Да, я что-то смутно помнил. В моём мозгу образовалась целая свободная ассоциация мыслей, напомнив мне о занятиях, где мы изучали некоторые реализации Шарко. Я, правда, не мог вспомнить все особенности, потому что психиатрия не была моей прямой специальностью в медицине.
Кальдераро сказал:
— Де Пюисегюр был одним из первых магнетизёров, которые открыли сон-откровение, в котором было возможно беседовать с пациентом в состоянии его сознания, отличном от общего. С тех пор это открытие впечатляло психологов: с ним появилась и новая терапия для лечения нервных и ментальных больных. Но для нас, «с этой стороны» жизни, это обычный феномен: ежедневно миллионы личностей засыпают под магнетическим воздействием духовных друзей, для того, чтобы лучше помочь им в решении неотложных проблем.
— А почему мы не можем попробовать просветить их вербально теперь, когда они являются нашими друзьями? — настаивал я, в свою очередь встревоженный, глядя на несчастных противников, которые обменивались оскорблениями и обвинениями.

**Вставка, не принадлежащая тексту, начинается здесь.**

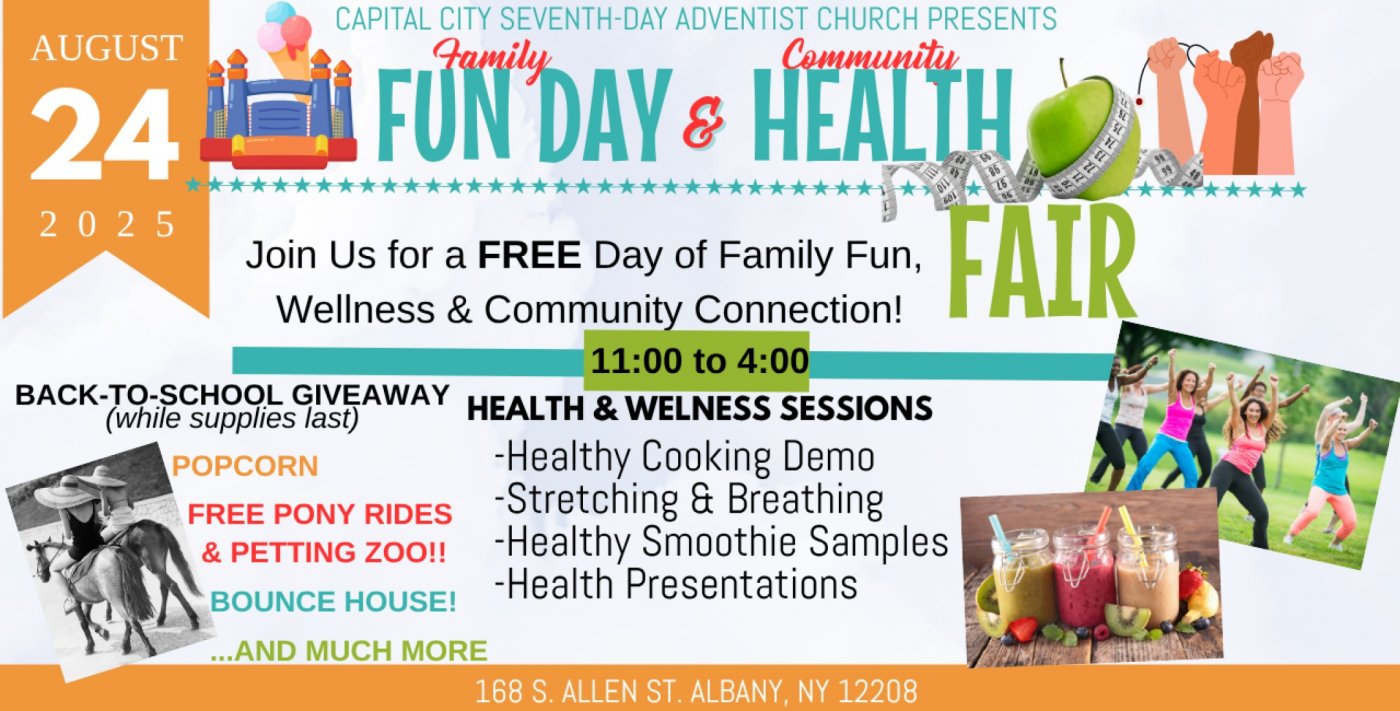 Family fun day and community health fair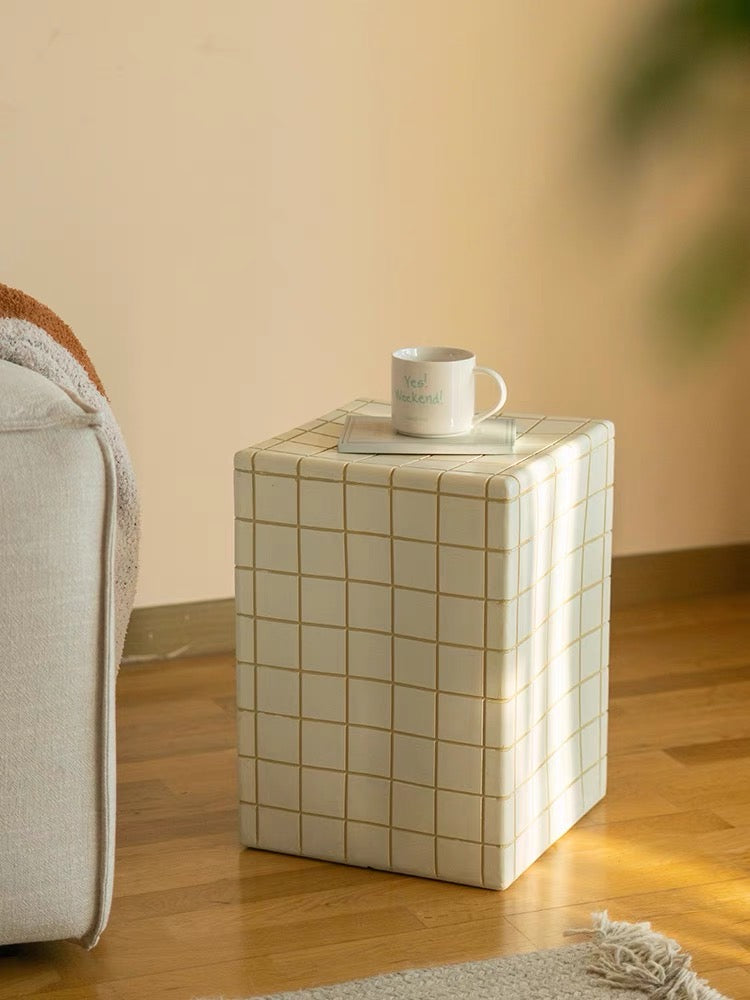 タイル風 サイドテーブル – wonderlandmoving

— Потому что если знания помогают внешне, то только любовь помогает изнутри, — спокойно добавил инструктор. — С помощью своих знаний мы исправляем, насколько возможно, последствия, но только те, кто любит, достигают глубинных причин. Сейчас нашим несчастным друзьям требуется вмешательство в их личный внутренний мир, чтобы окончательно изменить их ментальные состояния… А мы пока что едва лишь обладаем знаниями, не умея любить…
В этот момент кто-то появился на пороге входной двери. О! Это была утончённая женщина, зрелого возраста, с мягким и нежным блеском глаз. Я с волнением и уважением поклонился. Кальдераро слегка коснулся моего плеча и прошептал на ухо:
— Это наша сестра Сиприана, носитель божественной братской любви, которой мы ещё не достигли.